[Directions for this task] After locating the line that holds "腹腔镜胆囊切除术：6大常见并发症及预防方法", copy that line and all that follow it word for word through the end of the data, with no pictures.

[Input]
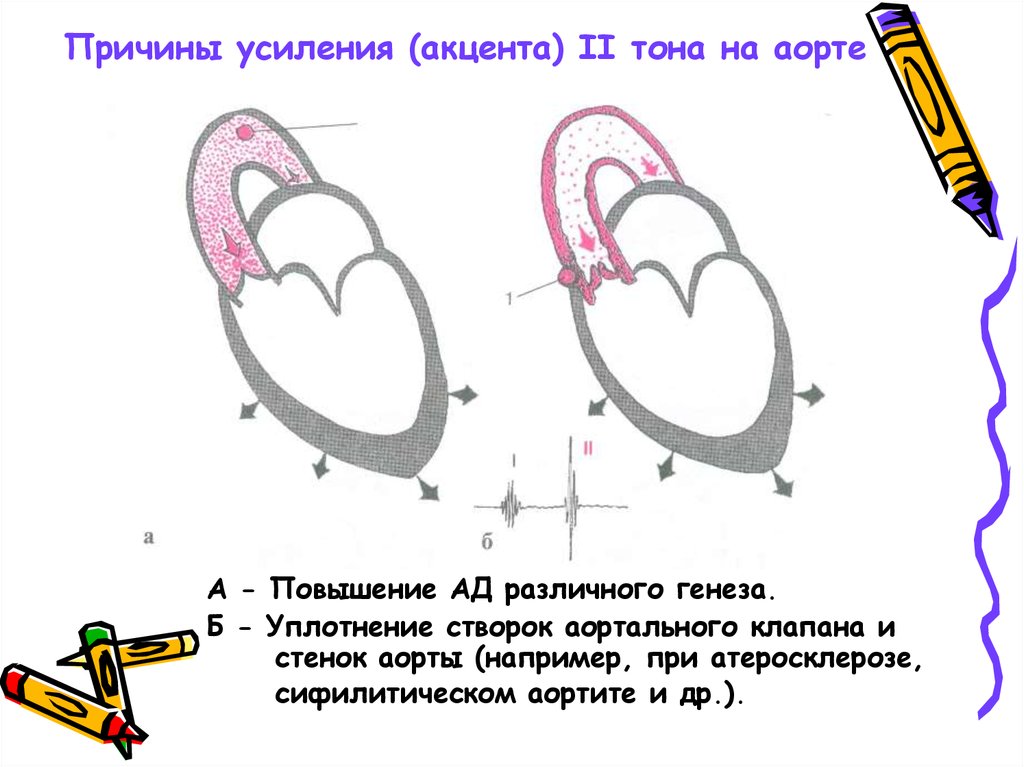 Акцент тона. Акцент 2 тона над аортой схема. Акцент 2 тона над легочной аортой. Акцент 2 тона на аорте выслушивается. Акцент второго тона на легочной артерии.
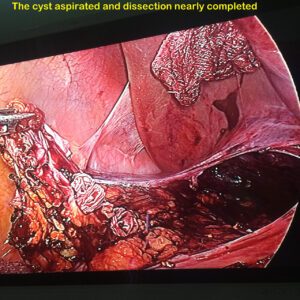 Laparoscopic management of Adrenal Pseudocyst (Nov. 2017)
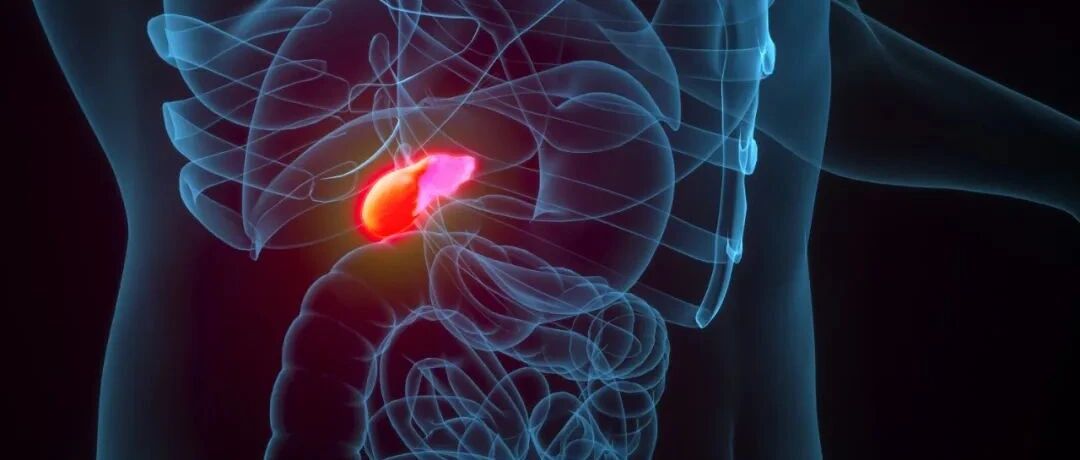 腹腔镜胆囊切除术：6大常见并发症及预防方法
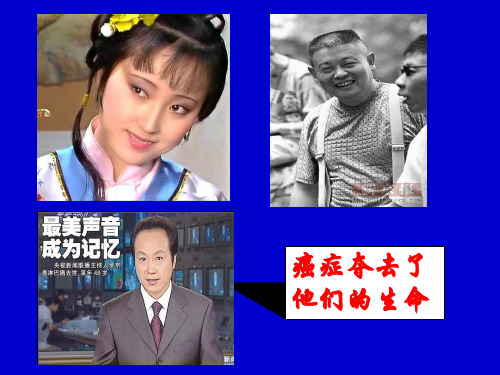 恶性肿瘤的病因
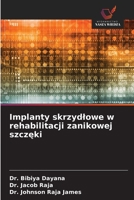 Implanty skrzydlowe w rehabilitacji zanikowej szczęki 6209081665 Book Cover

[Worked solution]
 腹腔镜胆囊切除术：6大常见并发症及预防方法
 恶性肿瘤的病因
 Implanty skrzydlowe w rehabilitacji zanikowej szczęki 6209081665 Book Cover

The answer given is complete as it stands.